Why you may want to consider mediation to maximize your claims and minimize your risk.

Tom Gallagher, Esq., Partner

The chances are good that if you purchased residential real estate in the State of California, standard purchase agreement from the California Association of Realtors (CAR), you agreed to mediation1 and arbitration2 as an alternative to having your claims heard in state court in the event of a real estate dispute.

What’s in the mediation clause of a real estate purchase agreement?

Mediation clauses in a CAR purchase agreement require the parties to make a reasonable effort to mediate their real estate purchase or sale dispute and to attend a mediation session before resorting to filing a claim in the superior courts of the State of California.

Real estate purchase agreements usually have a clause entitling the prevailing party to recover their reasonable fees and costs. (Cal. Civ. Code § 1717).

Why seek mediation in the event of a real estate dispute?

Significant procedural problems can arise when a buyer or seller ignores the mediation and arbitration clauses and proceeds directly to the superior court.

For example, a party who does not first exhaust the alternative dispute resolution procedure (mediation) and proceeds directly to superior court could become liable for the expenses associated with the case. The other party may file a motion to compel arbitration, and the court will either stay or dismiss the case without prejudice. When a party who ignored the mediation provision prevails, they still may be barred from recovering their attorney’s fees, even if they are the prevailing party because they did not first resort to mediation as an alternative to court involvement.

In a California real estate transaction, a buyer or seller typically must demand or agree to participate in mediation before filing superior court if they wish to recover their attorney’s fees. “Seeking mediation is a condition precedent to the recovery of attorney fees by the party who initiates the action.” (Johnson v. Siegel (2000) 84 Cal.App.4th 1087, 1101 [101 Cal.Rptr.2d 412].) Attorney’s fees in California civil lawsuits can equal or even exceed the amount in controversy (the dollar value of the dispute).

Therefore, this provides a strong incentive to the parties to use a full or half-day mediation session before filing suit to preserve costs and secure its right to recover its attorney’s fees and costs.

If you have any questions about Real Estate mediation (commercial or residential), please contact our firm at (858) 926-5797. Our experienced San Diego real estate attorneys may be able to help.

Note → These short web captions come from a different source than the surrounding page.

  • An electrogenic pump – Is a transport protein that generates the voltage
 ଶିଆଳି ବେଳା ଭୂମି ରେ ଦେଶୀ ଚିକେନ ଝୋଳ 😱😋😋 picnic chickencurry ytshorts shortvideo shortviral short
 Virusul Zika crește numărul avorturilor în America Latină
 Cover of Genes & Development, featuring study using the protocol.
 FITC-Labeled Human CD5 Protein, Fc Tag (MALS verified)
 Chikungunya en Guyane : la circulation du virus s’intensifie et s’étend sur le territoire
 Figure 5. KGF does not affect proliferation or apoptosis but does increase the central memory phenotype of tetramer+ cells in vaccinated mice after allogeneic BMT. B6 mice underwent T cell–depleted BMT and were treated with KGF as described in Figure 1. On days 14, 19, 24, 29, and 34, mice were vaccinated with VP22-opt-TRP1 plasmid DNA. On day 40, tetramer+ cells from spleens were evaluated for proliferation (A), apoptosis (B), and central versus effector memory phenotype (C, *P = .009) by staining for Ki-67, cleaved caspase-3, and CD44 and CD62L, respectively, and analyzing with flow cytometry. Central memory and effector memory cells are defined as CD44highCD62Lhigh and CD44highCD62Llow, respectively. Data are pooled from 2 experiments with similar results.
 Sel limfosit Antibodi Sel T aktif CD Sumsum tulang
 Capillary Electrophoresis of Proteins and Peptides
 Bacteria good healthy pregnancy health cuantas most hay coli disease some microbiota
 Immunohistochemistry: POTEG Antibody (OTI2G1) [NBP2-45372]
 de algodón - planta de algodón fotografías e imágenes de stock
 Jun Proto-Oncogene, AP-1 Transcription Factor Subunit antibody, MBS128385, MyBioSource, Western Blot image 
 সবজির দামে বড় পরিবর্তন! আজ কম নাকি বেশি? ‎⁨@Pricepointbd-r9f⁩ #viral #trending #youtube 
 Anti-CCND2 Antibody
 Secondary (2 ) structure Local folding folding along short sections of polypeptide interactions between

1. Mediation is an informal process where the parties negotiate before a neutral third party lawyer or retired judge who facilitates the negotiation process. Mediation is non-binding unless each party signs a written mediation agreement.

2. Arbitration is more like a private trial. A lawyer or retired judge hears the case and is empowered to make a ruling in most cases, which will be binding unless the parties agree to non-binding arbitration, which is less common. If both parties sign off on an arbitration provision, the courts will likely enforce arbitration and dismiss any case filed in state court without prejudice, then order the parties to arbitration.